Piece of toddler's skull removed after fall from couch
A SIMPLE fall from a couch has left 18-month-old Eddie Kidd missing a section of his skull and facing a lifetime of ongoing surgeries.
Two months ago 18-month-old Eddie fell off the lounge in his Pacific Paradise home.
That small fall was followed by six weeks in hospital, three operations, two blood transfusions and a total 40 stitches to his head.
The toddler has had part of his skull removed, and the extent of his injuries is still unclear.
"I just remember hearing him scream and cry and I thought, 'he must be okay, people always say if they cry it means they're okay'," Joanne said.
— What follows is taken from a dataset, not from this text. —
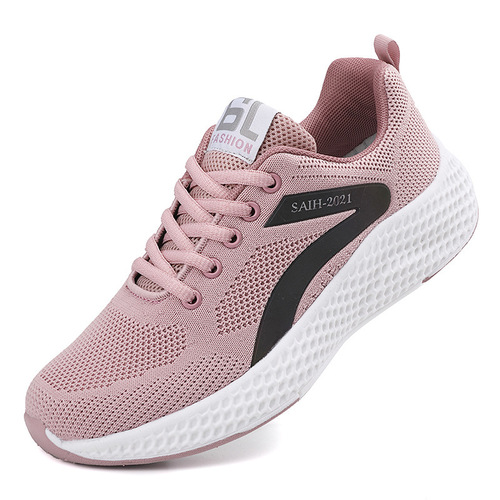 Miracle new cross-border women's sports shoes, comfortable running shoes, large size fly weaving, versatile lace-up casual shoes for women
Both Eddie's eyes went black almost immediately and a lump formed on his head.
Joanne rushed him to Nambour General Hospital.
As she was about to take him home, following four hours of surveillance, Eddie started to vomit and an emergency CT scan revealed bleeding to the brain and a fracture to his skull.
What unfolded was "chaos", Joanne said.
Eddie was airlifted to Brisbane's Lady Cilento Children's hospital for emergency surgery.
The bleeding would not stop and blood tests revealed Eddie had haemophilia - a condition that keeps blood from clotting.
"If they didn't stop the bleeding he would have passed away," Joanne said.
The nightmare didn't end there.
A few days Eddie contracted the golden staph infection because of the bleeding.
In a matter of days he had a second operation, in which part of his skull was removed from the front of his head, cleaned of infection and replaced.
Two weeks passed and Eddie finally came home to his mum and three siblings, but less than a week later he contracted another infection.
Eddie returned to Lady Cilento where he had his third operation and the part of the skull was removed permanently.
The little boy is now waiting for a fourth operation to fit a new titanium plate in his skull to replace the missing piece of bone.
Joanne said this couldn't happen until he had been infection-free for six months.
In the meantime, he had been fitted with a helmet to protect his missing skull.
He can no longer take part in any sport or activities as the slightest bump could result in internal bleeding, and every time he underwent an operation he would need to receive anti-haemophilic medication called Factor VIII.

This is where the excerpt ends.